Additionally, the chamfer of the diaphragm chamfer angle 22 may generally be set at C0.1-C1.

In certain embodiments, the tab connector 14 is connected to the adaptor 12 as a unitary structure. In this way, the strength of the connection of the tab connection element 14 to the adapter element 12 can be increased.

Specifically, the tab connector 14 is connected with the adaptor 12 as a unitary structure, that is, the tab connector 14 is connected with the adaptor 12 as a unitary structural component. The unitary structural member may be formed by stamping and bending a sheet of material (e.g., sheet metal). In the integrated structure, the connection strength between the tab connecting piece 14 and the adaptor piece 12 is high.

Further, when the tab connector 14 is connected to the adaptor 12 as an integral structure, the tab connector 14 may be a component for connecting the tab 24 and extend from one side (the front side as shown in fig. 1) of the adaptor 12 to a direction away from the battery cell 200 body 20.

In certain embodiments, the tab connection member 14 is disposed in the lower half 26 of the adaptor 12, and the adaptor 12 is shaped to decrease in width from top to bottom. In this way, the adaptor 12 can be easily installed.

Specifically, the lower half portion 26 of the adapter 12 is narrower than the upper half portion 40 of the adapter 12, so that the lower half portion 26 of the adapter 12 is more easily inserted into the side surface of the cell 200 body 20 to connect the tab connector 14 with the tab 24, and the lower half portion 26 of the adapter 12 can be directly opposite to the side surface of the cell 200 body 20.

Further, the width of the lower half portion 26 of the adaptor 12 is smaller than the width of the side surface of the battery cell 200 body 20, so that the lower half portion 26 of the adaptor 12 can be completely shielded by the side surface of the battery cell 200 body 20, and the lower half portion 26 of the adaptor 12 does not protrude out of the side surface of the battery cell 200 body 20 in the front-back and lower directions, so that the adaptor 12 is not easily damaged.

In the embodiment shown in fig. 1, the adaptor 12 may have a shape with a gradually decreasing width from top to bottom, the upper half 40 of the adaptor 12 may have a shape with a gradually decreasing width from top to bottom, and the width of the lower half 26 of the adaptor 12 may be the same as the whole or may have a smaller variation. The front and rear sides of the upper half 40 of the adaptor 12 are curved to reduce the formation of right-angled edges and avoid scratching the membrane or tabs 24 of the cell 200. In other embodiments, the entire adaptor 12 may have a shape with a gradually decreasing width from top to bottom.

In addition, in the embodiment shown in fig. 1, the entire edge of the second sidewall 18 of the adaptor 12 is provided with a chamfer slope, so that arc-shaped grooves formed in the front and rear sides of the upper half 40 of the adaptor 12 can be machined, and the generation of convex burrs is reduced.

Compared with the equal-width design of the adaptor 12, in the embodiment, the adaptor 12 is in a shape with gradually reduced width from top to bottom, so that the occupied space in the battery 400 can be reduced, the limitation on the bending position of the tab 24 is less, and the pulling of the folded tab 24 is reduced.

In some embodiments, the adaptor 12 is connected to the post connector 42, and the adaptor 12 and the post connector 42 are connected as a unitary structure.

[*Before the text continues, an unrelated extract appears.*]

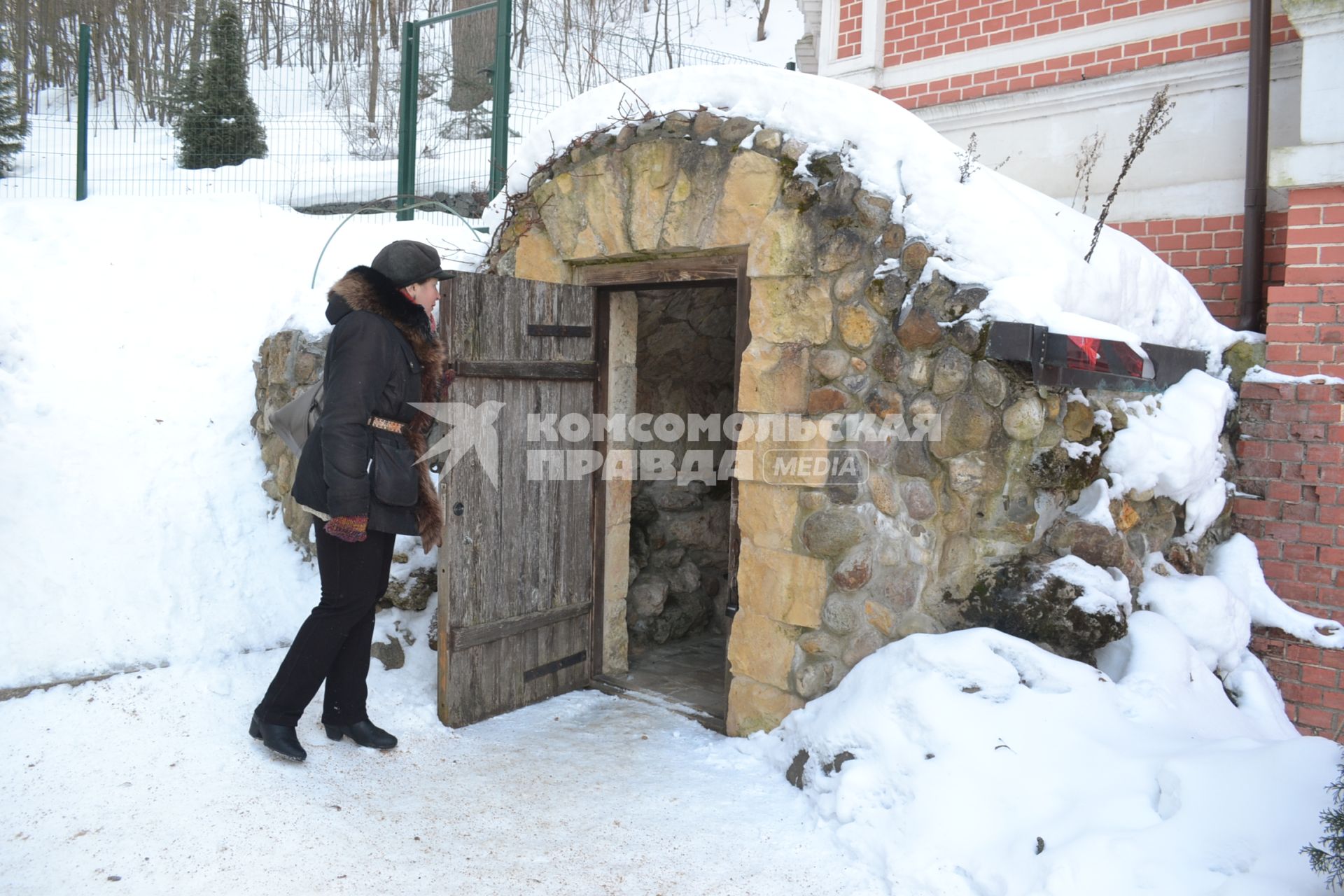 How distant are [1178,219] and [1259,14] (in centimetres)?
97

Thus, the connection strength between the adaptor 12 and the pole connecting piece 42 can be improved.

Specifically, in the illustrated embodiment, the pole connector 42 is substantially perpendicular to the adaptor 12. The pole connector 42 may be disposed in a horizontal orientation and the adaptor 12 may be disposed in a vertical orientation. The pole connector 42 is used to connect the pole 50 of the terminal cover assembly 300.

The post connector 42 is provided with a stepped hole 43, and one end of the post 50 can be positioned against the stepped hole 43 and then connected to the post connector 42 by welding.

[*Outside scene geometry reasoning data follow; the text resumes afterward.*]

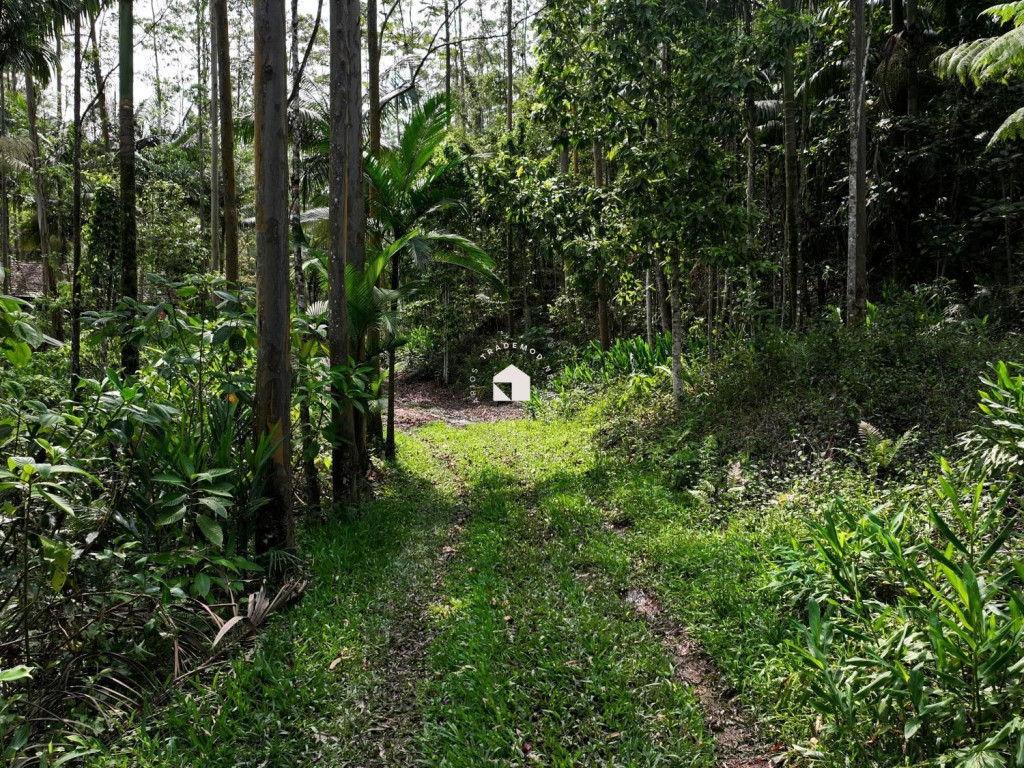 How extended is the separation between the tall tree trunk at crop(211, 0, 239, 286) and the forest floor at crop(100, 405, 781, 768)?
5.15 meters

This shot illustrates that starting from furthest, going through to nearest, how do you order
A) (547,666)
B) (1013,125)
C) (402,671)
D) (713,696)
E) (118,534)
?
(1013,125) < (118,534) < (402,671) < (547,666) < (713,696)

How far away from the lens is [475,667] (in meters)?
3.56

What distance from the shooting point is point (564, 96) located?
8766 millimetres

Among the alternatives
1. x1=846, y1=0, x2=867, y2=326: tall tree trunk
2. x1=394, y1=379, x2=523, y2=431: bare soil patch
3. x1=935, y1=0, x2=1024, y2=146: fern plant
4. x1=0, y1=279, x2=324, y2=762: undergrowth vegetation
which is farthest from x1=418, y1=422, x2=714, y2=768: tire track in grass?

The adaptor 12 and the post connector 42 are connected as an integral structure, that is, the adaptor 12 and the post connector 42 are connected to form an integral structural member, which may be a structural member with an equal thickness. During manufacturing, the integral structural member can be formed by stamping and bending a metal plate with equal thickness.

Further, in one embodiment, the pole connector 42, the adaptor 12 and the tab connector 14 are joined as a unitary structure. In this manner, the structural strength of the current collecting member 100 connecting the tab 24 of the battery cell 200 and the post 50 of the end cap assembly 300 can be ensured.

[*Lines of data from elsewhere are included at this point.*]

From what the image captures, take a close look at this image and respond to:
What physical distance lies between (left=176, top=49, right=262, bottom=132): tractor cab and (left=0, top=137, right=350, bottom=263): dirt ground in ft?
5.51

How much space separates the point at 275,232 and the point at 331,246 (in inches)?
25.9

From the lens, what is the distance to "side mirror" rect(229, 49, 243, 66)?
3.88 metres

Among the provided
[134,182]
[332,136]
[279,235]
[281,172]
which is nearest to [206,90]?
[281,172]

In some embodiments, the second sidewall 18 has a recess 44 formed therein that is recessed toward the first sidewall 16, and the first sidewall 16 has a protrusion 46 formed therein that corresponds to the recess 44. In this way, the structural strength of the adaptor 12 may be improved.

Specifically, by forming the groove 44 in the second sidewall 18 and forming the protrusion 46 corresponding to the groove 44 in the first sidewall 16, stress concentration on the adaptor 12 may be reduced, and the structural strength of the adaptor 12 may be improved.

Referring to fig. 4 to 6, an end cap assembly 300 according to an embodiment of the present invention includes the current collecting member 100 according to any one of the embodiments.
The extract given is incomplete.